常に同じ位置を走り続けることが良いというわけではありません。例えば左側に歩行者や自転車が多い状況であれば中央寄りを選ぶべきですし、対向車がはみ出してきそうな状況であればしっかり左に寄るべきです。状況は常に変化しているため、それに応じて柔軟に対応していくことが求められます。

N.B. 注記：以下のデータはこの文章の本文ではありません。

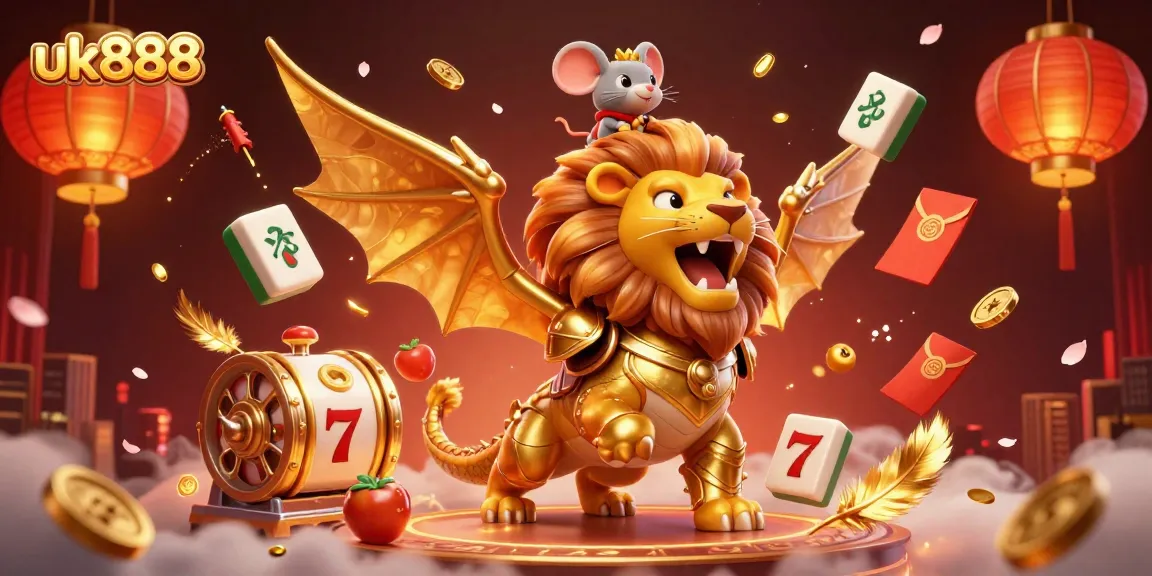Experience the excitement of casino games at uk888, featuring vibrant 3D characters and slot elements.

常に周囲の情報を取り続け、瞬時に判断を重ねていくこと。だからこそ集中力も必要で、走り終えた後には独特の疲労感もありますが、その分、しっかりと走れたときの充実感にもつながっていきます」

ヒヤリハットに共通する原因

4つの事例を見てきて、ヒヤリハットに共通する原因は何でしょうか。

「ヒヤリハットの原因は一つ。『周りを見ているけれど分析していない』という点だと思います。走りながら瞬間的に状況を判断したり、相手がどう動くか予測したりする力が欠けている時に起こりやすいです。さらに言えば、そもそも“見ているけど見えていない”場合も多いです。例えば、駅のホームを歩いていても、多くの人はスマホを見ていて、目が画面に向いています。周囲のことはなんとなく見えている感覚かもしれませんが、横で手を振っても気づきません。車社会でも同じで、周囲が見えていないと、日常的にヒヤリハットに遭遇する危険性が高まります。結局、ヒヤリハットを防ぐには、ちゃんと周囲を観察して、相手の動きを予測し、認識し合うことが大事です。言葉を使わなくてもお互いを見て認識し合う、そういう非言語のモビリティコミュニケーションが重要です。これができないと、日常の移動でも危険な状況がどんどん増えてしまいます」

宮城光さんからメッセージ

最後に、宮城さんからメッセージをいただきました。

「道路交通法を守って走っていたらヒヤリハットすることはまずないと思います。やっぱりちょっと速度が超過していたり、すり抜けであったり、車間距離が取れていなかったり、そういう日頃から注意されていることを守れていない時に何かが起きやすい。バイクでもその機動性を武器にして急な車線変更をしてしまっていないか、という視点も大事だと思います。つまり、自分がヒヤリハットを経験しているだけでなく、周囲にヒヤリハットを起こさせていないか、という視点も重要です。つい相手側の問題として捉えがちですが、自分も当事者として関わっているかもしれない。そういう意識を持って走ることが大切だと思います」

事故は突然起きるものではなく、必ずその前には「危険の兆し」があります。

ヒヤリとした経験を「運が良かった」「たまたま避けられた」で終わらせず、なぜ危険だったのかを振り返り考えること。この記事の事例を参考に、安全にバイクライフを楽しみましょう。